Another attempt at establishing a parish school occurred in 1891. This attempt proved successful. That year, a two-story frame schoolhouse containing four classrooms was constructed on a lot adjacent to the church. Father Smith arranged for the Sisters of Charity of Nazareth to staff the school which boasted an initial enrollment of 234 pupils.
In the year 1900, the parish financed an addition to the parish rectory. The addition included a kitchen, bathroom, and bedroom. This space was needed for the assistant pastor who had arrived in the parish in 1891.
In 1897, the parish installed eight new art glass windows in the church. The windows depicted the following scenes: Immaculate Conception, Jesus and the Little Children, Sister Margaret Mary, St. Anne, St. Martin and the Beggar, Holy Family and Jesus, Mary and Martha. Other improvements at this time included new Stations of the Cross and frescos.
Growth in the parish resulted in overcrowding in the parish school. In 1905, Father Smith purchased an additional piece of property for school purposes and began preliminary plans for the construction of a new building. These efforts were encouraged when the parish received a donation of $2,000 from Nicholas Walsh for the building fund. Father Smith, however, would never see the new St. Patrick School. He died on February 28, 1908, and was laid to rest in a special crypt in St. Patrick Church. Smith was succeeded by Father James Cusack as pastor. Father Cusack’s pastorate, however, was cut short by his death in 1913.
St. Patrick’s third pastor, Father Thomas J. McCaffrey, was a native of Ireland. Under McCaffrey’s guidance, the new St. Patrick School was completed in November 1913. The school was designed by architect David Davis and contained six classrooms, an auditorium and a gymnasium.

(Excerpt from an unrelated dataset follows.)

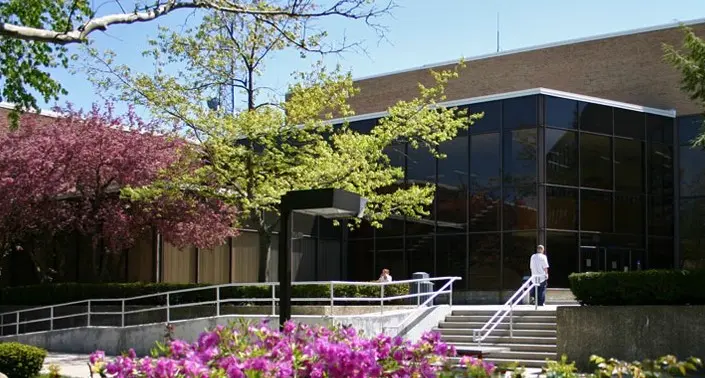 Erie Community College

In 1917, stone was placed on the exterior brick walls of the church. This improvement was followed by a complete restoration of the interior in 1921, which included new pews and tile floors, frescos by artist Nino Passalaqua, and two large murals by artist Charles Svendson. The cost of the restoration reached $16,000. The beautifully restored building was ready for the golden jubilee of the parish in 1922. At this time, parish membership stood at 450 families.
In the early years of the parish, the Sisters of Charity of Nazareth who taught in the parish school resided at La Salette Academy on Covington’s east side. In 1928, the parish constructed a new convent for the sisters of 4th Street near St. Patrick School. The modern two-story brick house included a chapel for the sisters’ private use. Total cost for the new convent amounted to $24,000.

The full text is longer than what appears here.